We carry it too

Some people think love is just butterflies.

I think love is grief with a heartbeat.

It’s carrying somebody inside of you so deep

that their storms start raining in your chest too.

You learn the weight of their silence.

The difference between their tired sigh

and their “I’m trying not to fall apart” sigh.

You memorize the tension in their jaw,

the way their eyes stop focusing

when life is eating them alive.

And the hardest part?

They don’t even realize you’re hurting too.

They think they hid it well.

They think they suffered alone.

Meanwhile, you’re awake at 2AM

trying to fix wounds they never showed you directly.

That’s the cruel thing about loving hard.

You become emotionally fluent

in a language the other person doesn’t even know they’re speaking.

You start feeling responsible for saving them

from thoughts they never said out loud.

You carry their pressure in your spine.

Their sadness in your appetite.

Their stress in your sleep.

And somehow…

they still look at you

like you could never possibly understand.

But you do.

Too much in fact.

That’s the problem.

Because loving someone so deep isn’t always loud.

Sometimes it’s sitting across from them, 

smiling normal,

while your heart quietly breaks

from feeling pain that doesn’t even belong to you.

And maybe that’s why people like me become exhausted so quietly.

Because nobody notices when the strong ones start drowning.

We know how to keep conversations going

while our chest is collapsing underneath them.

We know how to love people through their darkness

without making our own darkness the headline.

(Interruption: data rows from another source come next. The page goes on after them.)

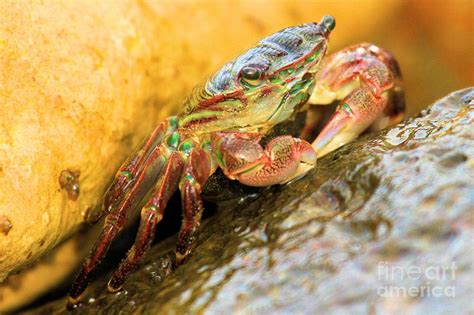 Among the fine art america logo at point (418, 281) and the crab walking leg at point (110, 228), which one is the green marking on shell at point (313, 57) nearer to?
the crab walking leg at point (110, 228)

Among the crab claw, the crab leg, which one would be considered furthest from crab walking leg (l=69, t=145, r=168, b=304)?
the crab claw

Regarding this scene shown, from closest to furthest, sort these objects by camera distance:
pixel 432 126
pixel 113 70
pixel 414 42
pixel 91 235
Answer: pixel 432 126
pixel 113 70
pixel 91 235
pixel 414 42

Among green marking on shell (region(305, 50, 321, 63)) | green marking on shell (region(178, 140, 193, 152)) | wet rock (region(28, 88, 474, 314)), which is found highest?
green marking on shell (region(305, 50, 321, 63))

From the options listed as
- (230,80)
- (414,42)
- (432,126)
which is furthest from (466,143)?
(414,42)

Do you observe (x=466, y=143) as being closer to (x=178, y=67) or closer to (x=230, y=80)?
(x=230, y=80)

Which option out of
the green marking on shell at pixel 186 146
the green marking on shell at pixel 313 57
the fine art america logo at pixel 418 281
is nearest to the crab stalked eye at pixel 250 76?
the green marking on shell at pixel 313 57

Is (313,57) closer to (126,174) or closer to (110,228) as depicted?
(126,174)

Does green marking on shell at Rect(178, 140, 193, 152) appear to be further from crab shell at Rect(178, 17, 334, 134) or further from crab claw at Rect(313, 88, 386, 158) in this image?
crab claw at Rect(313, 88, 386, 158)

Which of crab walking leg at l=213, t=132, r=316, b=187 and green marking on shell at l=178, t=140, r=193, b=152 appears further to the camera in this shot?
green marking on shell at l=178, t=140, r=193, b=152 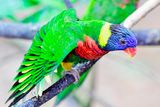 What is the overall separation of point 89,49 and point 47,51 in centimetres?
10

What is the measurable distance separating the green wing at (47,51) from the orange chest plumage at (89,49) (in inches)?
0.7

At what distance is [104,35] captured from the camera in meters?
0.94

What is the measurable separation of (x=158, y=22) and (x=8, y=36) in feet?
4.71

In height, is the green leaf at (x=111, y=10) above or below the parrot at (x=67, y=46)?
above

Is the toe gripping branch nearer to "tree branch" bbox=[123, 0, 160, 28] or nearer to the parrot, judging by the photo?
the parrot

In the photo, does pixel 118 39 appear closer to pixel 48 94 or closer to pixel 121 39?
pixel 121 39

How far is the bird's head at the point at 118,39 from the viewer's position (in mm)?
907

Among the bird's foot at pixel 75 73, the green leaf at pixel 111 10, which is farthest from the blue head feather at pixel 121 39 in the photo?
the green leaf at pixel 111 10

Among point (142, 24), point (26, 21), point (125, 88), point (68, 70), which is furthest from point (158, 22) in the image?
point (68, 70)

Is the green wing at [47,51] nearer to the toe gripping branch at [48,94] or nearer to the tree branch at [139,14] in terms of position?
the toe gripping branch at [48,94]

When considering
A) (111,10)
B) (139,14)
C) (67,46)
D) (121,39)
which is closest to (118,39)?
(121,39)

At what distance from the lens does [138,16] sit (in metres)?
1.10

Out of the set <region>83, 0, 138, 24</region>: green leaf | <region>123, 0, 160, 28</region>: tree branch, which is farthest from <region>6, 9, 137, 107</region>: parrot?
<region>83, 0, 138, 24</region>: green leaf

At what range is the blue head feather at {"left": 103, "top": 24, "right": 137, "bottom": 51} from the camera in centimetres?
91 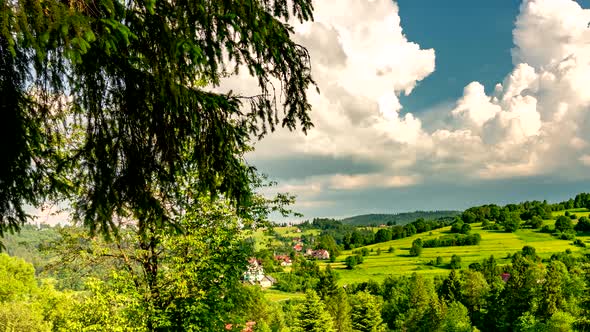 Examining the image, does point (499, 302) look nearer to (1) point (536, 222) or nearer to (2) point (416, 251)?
(2) point (416, 251)

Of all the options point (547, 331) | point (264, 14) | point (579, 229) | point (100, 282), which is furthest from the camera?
point (579, 229)

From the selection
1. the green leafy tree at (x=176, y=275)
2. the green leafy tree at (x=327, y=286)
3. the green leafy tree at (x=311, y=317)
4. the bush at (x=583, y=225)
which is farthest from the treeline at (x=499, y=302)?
the bush at (x=583, y=225)

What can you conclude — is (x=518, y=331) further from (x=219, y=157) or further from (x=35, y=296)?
(x=219, y=157)

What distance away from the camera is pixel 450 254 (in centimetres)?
13925

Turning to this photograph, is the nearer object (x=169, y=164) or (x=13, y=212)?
(x=169, y=164)

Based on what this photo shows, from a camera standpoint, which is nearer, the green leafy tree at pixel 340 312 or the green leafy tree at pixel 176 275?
the green leafy tree at pixel 176 275

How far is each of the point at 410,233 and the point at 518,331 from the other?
124 metres

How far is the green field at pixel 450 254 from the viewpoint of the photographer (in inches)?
4904

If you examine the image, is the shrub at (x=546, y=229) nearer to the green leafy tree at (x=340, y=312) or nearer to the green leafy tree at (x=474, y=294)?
the green leafy tree at (x=474, y=294)

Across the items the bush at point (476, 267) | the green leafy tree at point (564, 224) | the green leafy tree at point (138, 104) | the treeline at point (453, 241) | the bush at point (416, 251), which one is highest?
the green leafy tree at point (138, 104)

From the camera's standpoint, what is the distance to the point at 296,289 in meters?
155

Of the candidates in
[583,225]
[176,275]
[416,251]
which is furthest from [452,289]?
[176,275]

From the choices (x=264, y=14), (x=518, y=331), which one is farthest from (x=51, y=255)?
(x=518, y=331)

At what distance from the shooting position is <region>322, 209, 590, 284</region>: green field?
124562 millimetres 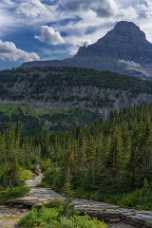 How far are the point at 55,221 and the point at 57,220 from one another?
2276 mm

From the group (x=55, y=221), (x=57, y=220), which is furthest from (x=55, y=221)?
(x=57, y=220)

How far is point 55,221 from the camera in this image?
3653cm

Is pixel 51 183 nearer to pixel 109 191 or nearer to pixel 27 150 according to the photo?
pixel 109 191

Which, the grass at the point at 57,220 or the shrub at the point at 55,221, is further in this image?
the grass at the point at 57,220

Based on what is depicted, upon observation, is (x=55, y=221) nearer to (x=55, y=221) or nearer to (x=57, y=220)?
(x=55, y=221)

So we become homes for people

who don’t even realize they’re homeless emotionally.

We pour.

And pour.

And pour.

Until one day we look at ourselves

and realize we’ve been surviving off emotional crumbs, while serving five-course meals to everybody else.

And still…

we love carefully.

Softly.

Loyally.

Because when I love someone,

I don’t just hear their words.

I hear the hurt behind the pause.

The exhaustion behind the attitude.

The fear hidden inside anger.

I notice when “I’m fine” sounds heavier than usual.

I notice when your laugh is missing life.

I notice when your touch feels distracted.

And maybe that’s my gift.

Or maybe it’s the thing that ruins me most.

Because loving someone this deep

means watching them bleed internally

while they swear they’re okay…

and feeling every cut

like the knife somehow reached you too.